What Range This Port Belongs To

Port 3274 sits in the registered ports range: 1024 through 49151. This range is maintained by IANA (the Internet Assigned Numbers Authority), and any organization can formally request that a port be reserved for their service. Unlike well-known ports (0-1023), which require administrative privileges to bind on most operating systems, registered ports carry no such restriction. Any process can open one.

The IANA registration is meant to prevent collisions — two different applications accidentally choosing the same port. In practice, the registry is also full of abandoned claims.1

The Official Assignment: Ordinox Server

IANA lists port 3274 for both TCP and UDP under the name "ordinox-server" — Ordinox Server.2

What is Ordinox Server? That's where the trail goes cold. There is no findable documentation, no known product, no company that appears in any current source. The registration exists; the thing it names apparently does not. This is genuinely common in the registered ports space — ports claimed in the 1990s or early 2000s by companies that have since dissolved, products that were never shipped, or internal tools that were never made public. The registration stays. The service disappears.

If your system shows traffic on port 3274, it almost certainly isn't Ordinox Server.

What's Actually Using This Port

Port 3274 falls inside the default UDP port range that Citrix Framehawk uses for virtual desktop display traffic: 3224 through 3324.3

Framehawk was a display remoting technology built into Citrix XenApp and XenDesktop, designed for mobile workers on high-latency wireless connections. Where traditional screen-sharing protocols struggled over lossy networks — resending dropped packets, waiting, stuttering — Framehawk used UDP and simply accepted some pixel loss to keep things responsive. Think of it as the display protocol that shrugged at dropped packets instead of panicking.

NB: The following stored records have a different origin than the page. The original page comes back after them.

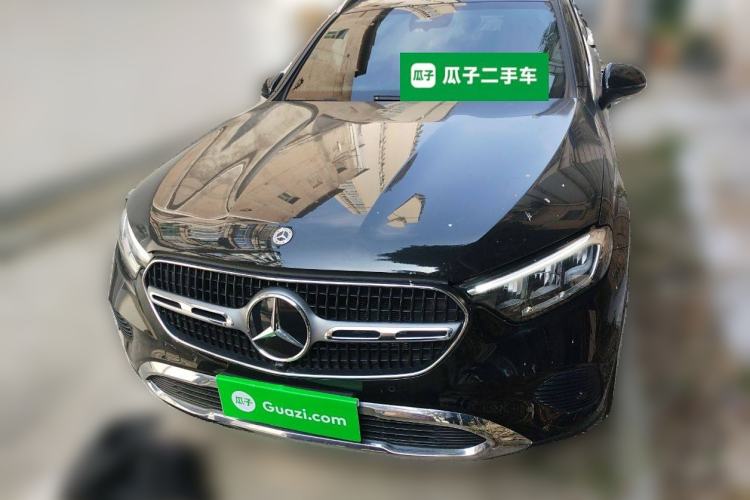 Used Mercedes-Benz GLC 2023 Facelift GLC 260 L 4MATIC Dynamic Version 5 Seats
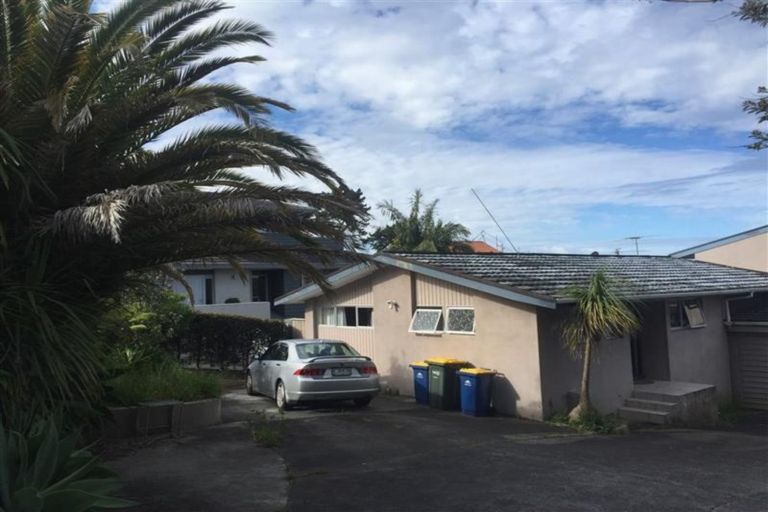 Photo of property in 1/48 Sharon Road, Waiake, Auckland, 0630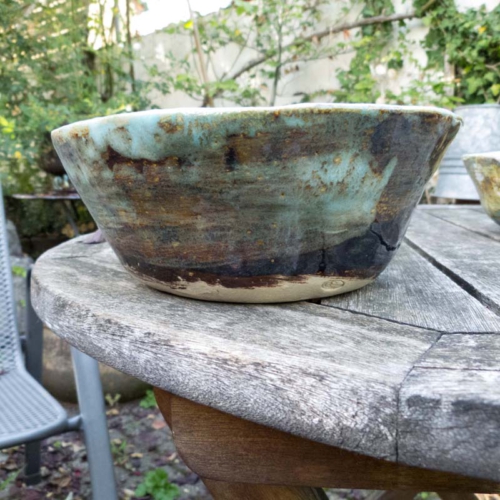 grosse wilde Schale, Temmoku mit Türkis und Transparent, ø 21cm, Höhe 8,5cm, 40€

Each concurrent Framehawk session claims a unique port within its configured range. Port 3274 would be taken by the 51st concurrent session (starting from 3224). On a multi-user XenApp server with enough simultaneous connections, 3274 gets used.4

Citrix has since deprecated Framehawk in newer versions of their platform, but installations running older XenApp/XenDesktop versions may still generate traffic here.

How to Check What's Listening on This Port

On Linux/macOS:

# Show what's listening on port 3274 (TCP)
ss -tlnp | grep 3274

# UDP
ss -ulnp | grep 3274

# Or with lsof
lsof -i :3274

On Windows:

netstat -ano | findstr :3274

The PID in the last column maps to a process. Use Task Manager or tasklist | findstr <PID> to identify it.

For network-wide visibility:

nmap -sU -p 3274 <target>   # UDP scan
nmap -p 3274 <target>        # TCP scan

Why Unassigned (and Ghost-Registered) Ports Matter

The registered ports range is a commons. There are 48,128 of them. They exist to make the ecosystem legible — to ensure that when your application listens on a port, something else isn't already expected there.

Ghost registrations like Ordinox Server illustrate the system's limits. IANA does not revoke abandoned registrations. Once claimed, a port stays claimed, even if the claimant vanishes. This means the registry is an imperfect map: it tells you what was intended, not necessarily what is.

For security purposes: an unexpected listener on any unrecognized port warrants investigation. Ghost registrations don't make a port dangerous, but they do make it easy to overlook.